新宮市には申し訳ないけれども、新宮で観光をしようと思ってもそんなに有名なところはない。
丹鶴城は、場所の雰囲気としては良いけれども、観光しよう!と力を入れて出かける場所では全くない。
いわんや徐福公園においておや。
まあ新宮といえばとにかく熊野速玉大社ですね。
だがやはり、あんまり森厳な雰囲気も感じられず……。
那智大社もそうだったんだけど、なんですかね?あまりにも社殿がペンキ塗りたて過ぎるのか?
ペンキじゃなくて漆だろうけども。
それとも暑さに苦しんでいるわたしが、森厳な雰囲気どころではないということなのか?
まあ、天気って大事ですよね。
これは少し趣きがあった。
皇族の熊野詣の回数を石碑に彫っただけのものなんだけれどもね。
あんまり詳しくは見なかったけれども、今出来のものでしょう。
しかし現代の人間が、わざわざこんなものを建てようと思ったところに、
地元民の思い入れ、皇族の歴史的な立場を感じ、そしてもちろん古き世にここに来た人を偲ぶ。
神社そのものよりもこの石碑に、何か感じるものがあった。
まあでもあっさり、速玉大社は終了。
その後、出会いがあった。
速玉大社門前のお土産屋さん(ごとびき屋さん?)の“梅ソフト”の幟に惹かれて、
梅ソフトを食べながらお店の奥さんと話をしていたところ、「どこに泊まったの?」と聞かれ。

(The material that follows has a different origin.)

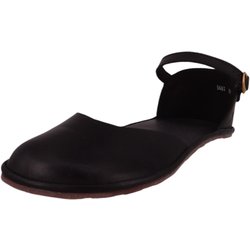 El Naturalista Sandalen Bare Sandals N5683 Schwarz Black Leder für Damen - 42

泊まったホテルの名前を言ったら、その奥さんとホテルの持ち主は繋がりがあり、
さらに、たまたまその時にその店にいた赤ちゃん連れの近所の方の、そのお姉さんが、
そのホテルの喫茶店で働いてるんだって。
それはもしかして、わたしがさっきホテルを出る時に、カウンターで忙しく働いていた
あのお姉さんのことではなかろうか……
うわあ、けっこう奇遇。まあ小さい町だから、知り合いである可能性は高いかもしれないけど、
話をしなければ、全然そんなことには気づかずに通りすぎるだけ。
そんなこんなで、その時お店にいたもう一人別の近所の人に、
新宮駅近くまで車で送ってもらえることになりました。
熊野の人はサービス精神が旺盛な気がします。
それは、このお店で出会った人を筆頭として、昨日行ったマグロ料理のお店の親父さんしかり、
傘を買った道の駅の受付の人しかり(観光パンフレットを何枚もくれた。……立派な紙なので重かった(^_^;))
この後に行く浮島の森の受付の人しかり(親切に説明をしてくれようとしたが、時間がないので謝絶した。
……ら、「田辺市・堺市友好都市提携記念」シールをくれた。)
一肌脱ぐ気質。おそらくきっと。
新宮駅ではなく、“浮島の森”というところまで送ってもらった。
ここは新宮にある数少ない(スマン)観光地の一つで、こういうところ。
すごく見たいわけではなかったが、……他に行きたいところもないので。
ちなみに、新宮の観光で忘れちゃいけない神倉神社というところがあるのだが、
……階段がものすごそうなので最初から行くのを諦めた。それはわたしの根性がないからです。
浮島の森。
この写真もなんだかよくわからないだろうけど、詳しくはwikiにてご参照のほどを。
島の中に入って行く道もあるのだが、あまりにもジャングルっぽくて入れなかった。
虫がぎょうさんいそうでコワイ。
その後、あまり期待しないで中上健次の生家を探し、ちょこちょこ歩き回って
たしかライオンズクラブで建てた中上健次の顕彰碑(というほど立派なものではなく、言わば看板)を
運よく見つけて。ちょっと嬉しかった。
中上健次は、好きな作家とは言えないけれど、どことなく思い入れのある作家。
それは、その不器用な小説世界の故かもしれない。
歩いてホテルまで戻り、預けてあったガラガラケースを受けだす。
喫茶コーナーに女の人がいたので、「さっき速玉大社前のお土産屋さんで妹さんに会いました」と言った。
朝、わたしは通りすがりに彼女を見かけただけで、特に接触もなかったので、
相手方は相当に面食らったはずだが、笑顔で応対してくれました。
あとで妹さんに経緯を確認してくれるだろう。
ホテルからすぐのバス停から、12:15の渡瀬温泉行きのバスに乗る。